# FS: Gnarled manzanita in BC/CA



## plantbrain (May 12, 2010)

I might be shipping a lot of wood up to BC in the semi near future. 
I suppose it's a plant

Anyway, I wanted to see if there is a favorable market for it and what interest folks in terms of wood and what tank sizes are most desired/sought after and used.

Tom


----------



## Nanokid (May 18, 2010)

this is my opinion on what would sell best 

most popular are small stumps - with a visisble root syestem for 30-90 gallons. seirously. stumps would go fast! 
next i would say branches , for smaller tanks ( 10-45) that are long with lots of nobs and twigs.. there always neat

last would be average "chunks" 

what kind of wood are you thinking?


----------



## Johnnyfishtanks (Apr 21, 2010)

i would be down and stump and stumps and more stumps


----------



## jcgd (Feb 4, 2011)

His wood is the coolest, nicest, most awesome stuff you'll ever see as far as manzanita is concerned. I'm actually getting a nice big bunch shipped for my new tank in a few days. None of that one stick for $30 bull. Check this out:









The photo belongs to plantbrain and is the piece I ordered. The boards are 2'x4'. Big piece!

A lot of what he has are epic centerpieces, any look you can think of. It's truly quality stuff.


----------



## DR1V3N (Apr 22, 2010)

Wow, this sample pic speaks volumes. I'm sure anyone with an inclination toward some sort of aquascape in the near future would be looking for this type of quality.

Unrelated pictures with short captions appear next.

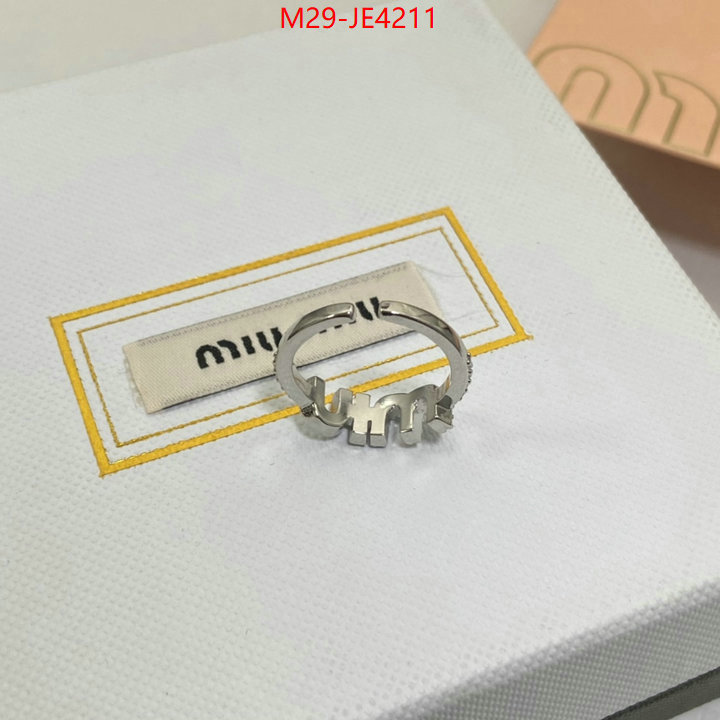 Jewelry-Miu Miu,what is a 1:1 replica , ID: JE4211,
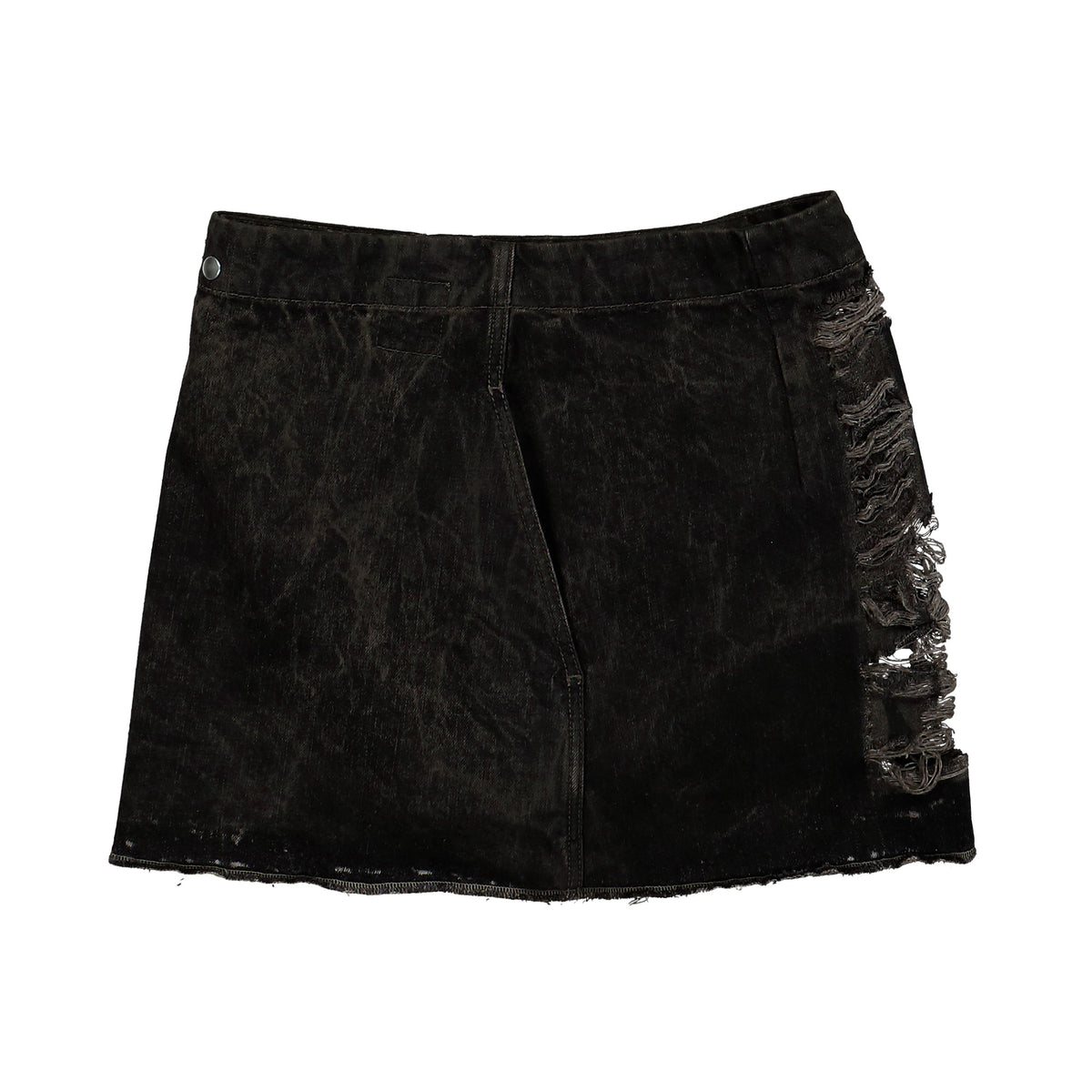 Rick Owens DRKSHDW Wrap Mini Dust Skirts DS02F6345 DRKSH 34 Detail View 3 | GATE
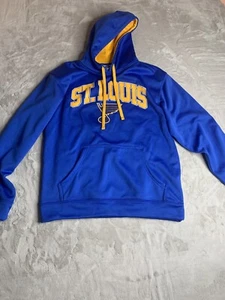 St Louis Blues Polyester Hoodie NHL Licensed Size Medium 38/40 - Picture 1 of 9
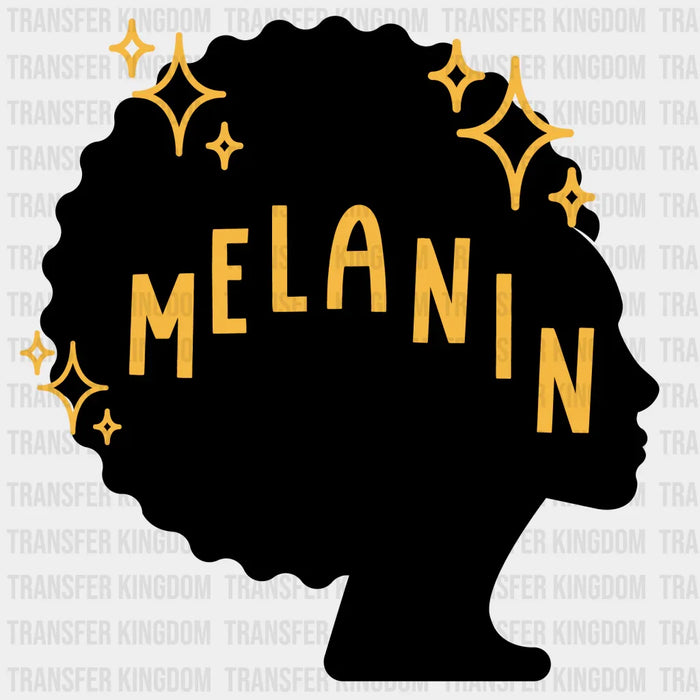 Melanin - BLM design DTF heat transfer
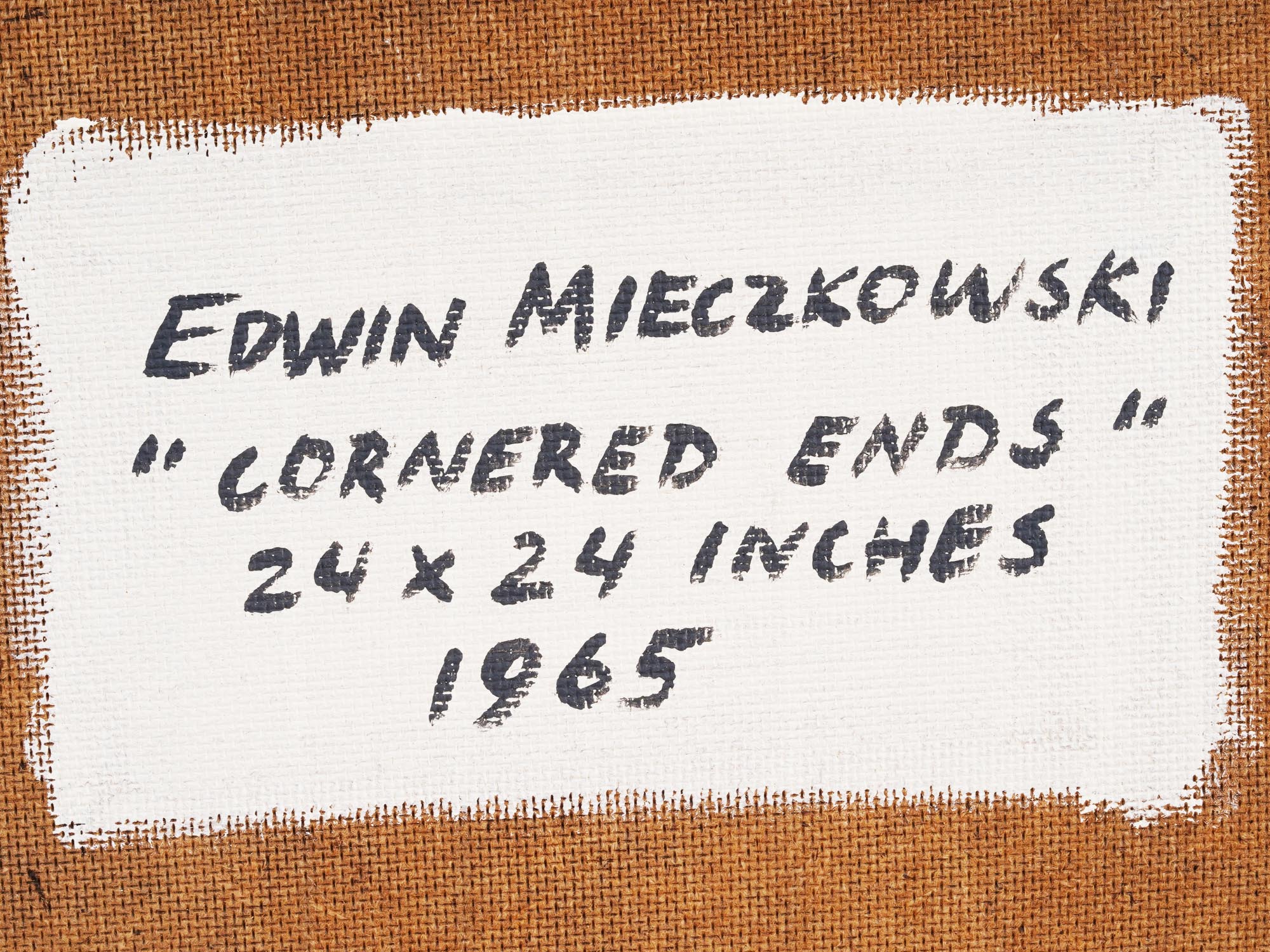 EDWIN MIECZKOWSKI AMERICAN ACRYLIC PAINTING 1965 PIC-10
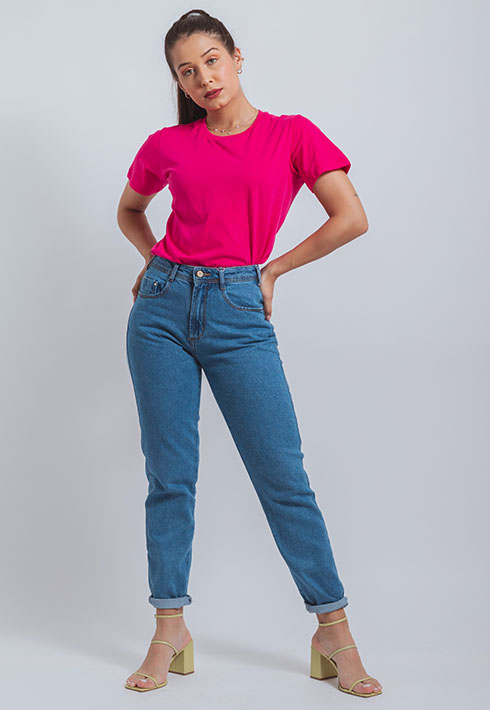 T-shirt Básica Pink Feminino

As a suggestion, why don't you set up a quick poll fielding the lengths/shapes/sizes you have?


----------



## Chronick (Apr 27, 2010)

i would love some, i've seen plantbrain's stump pieces on planted tank forum and have wanted to order stumps from him for a while... i'd be down for this if you plan on making a shipment to BC


----------



## Bluebarry (Dec 26, 2010)

Wow , I'll be down for some of that stuff, branchy type wood! Sweetttt


----------



## Luke78 (Apr 24, 2010)

+1 for stumps and any pieces for a 30-100 gallon setup.That photo shown is a great sample.


----------



## mhlwang (May 11, 2011)

I would like a stump for a 30 gal.


----------



## fenster58 (Apr 23, 2010)

jcgd said:


> His wood is the coolest, nicest, most awesome stuff you'll ever see as far as manzanita is concerned. I'm actually getting a nice big bunch shipped for my new tank in a few days. None of that one stick for $30 bull. Check this out:
> 
> 
> 
> ...


wow, that piece is amazing...you weren't jokin today, hahaha. it's gonna look great in your tank.

+1 stumps!


----------



## jcgd (Feb 4, 2011)

fenster58 said:


> wow, that piece is amazing...you weren't jokin today, hahaha. it's gonna look great in your tank.
> 
> +1 stumps!


I'm excited to say the least.


----------



## davej (Apr 28, 2010)

+ for stumps with roots, pieces with good character.
I've seen Tom's stuff on The Planted Tank and drooled over it for some time now.
Awesome stuff, great prices


----------



## 2wheelsx2 (Apr 21, 2010)

I'll also looking for another stump for my 125. Want to remove some of my rockwork and replace it with wood.


----------



## Chappy (Apr 21, 2010)

I'd also be interested in some unusual wood for my wild discus tank.


----------



## Momobobo (Sep 28, 2010)

I would also be interested in a rooty stump of fairly big size  How much is an estimate for one about 1 foot all around?


----------



## `GhostDogg´ (Apr 22, 2010)

I'd be down for a few stumps with nice root systems/hiding spots, & some really nice twisty branches like the sample pic.
90G-33G size.
Post up pricing when it's available.


----------



## fisherman (Apr 22, 2010)

i will need some wood for sure but the question is though, do we get to pick them out in person? if so ill pick some up for sure no doubt.. need wood for my 46g


----------



## 2wheelsx2 (Apr 21, 2010)

fisherman said:


> i will need some wood for sure but the question is though, do we get to pick them out in person? if so ill pick some up for sure no doubt..


Tom's in California...


----------



## fisherman (Apr 22, 2010)

2wheelsx2 said:


> Tom's in California...


i know that just thought he might be takin a trip down here or something

or maybe someone he knows could show them to the buyers...


----------



## 240sx (Sep 4, 2010)

lol I'd be looking for a stump too but would like to be able to have some choice as well.


----------



## Clownloachlover (Apr 21, 2010)

stumps and gnarley branches would be big sellers! I am in!


----------



## gklaw (May 31, 2010)

The way we go at it. Is Manzanita going to be extinct soon?

JK - awesome looking !


----------



## AquaAddict (Dec 4, 2010)

Hi,

My ideal piece of wood would be a 2 ft tall/3ft long piece for my discus but not too thin and not with any sharp ends. The wood shouldn't be too thin.

AquaAddict


----------



## April (Apr 21, 2010)

Manzanita wood is also available at one of our sponsors stores. Rogers.-as well as aquariums west, and others. Lots of choices on stumps, long pieces etc.


----------



## Chronick (Apr 27, 2010)

April said:


> Manzanita wood is also available at one of our sponsors stores. Rogers.-as well as aquariums west, and others. Lots of choices on stumps, long pieces etc.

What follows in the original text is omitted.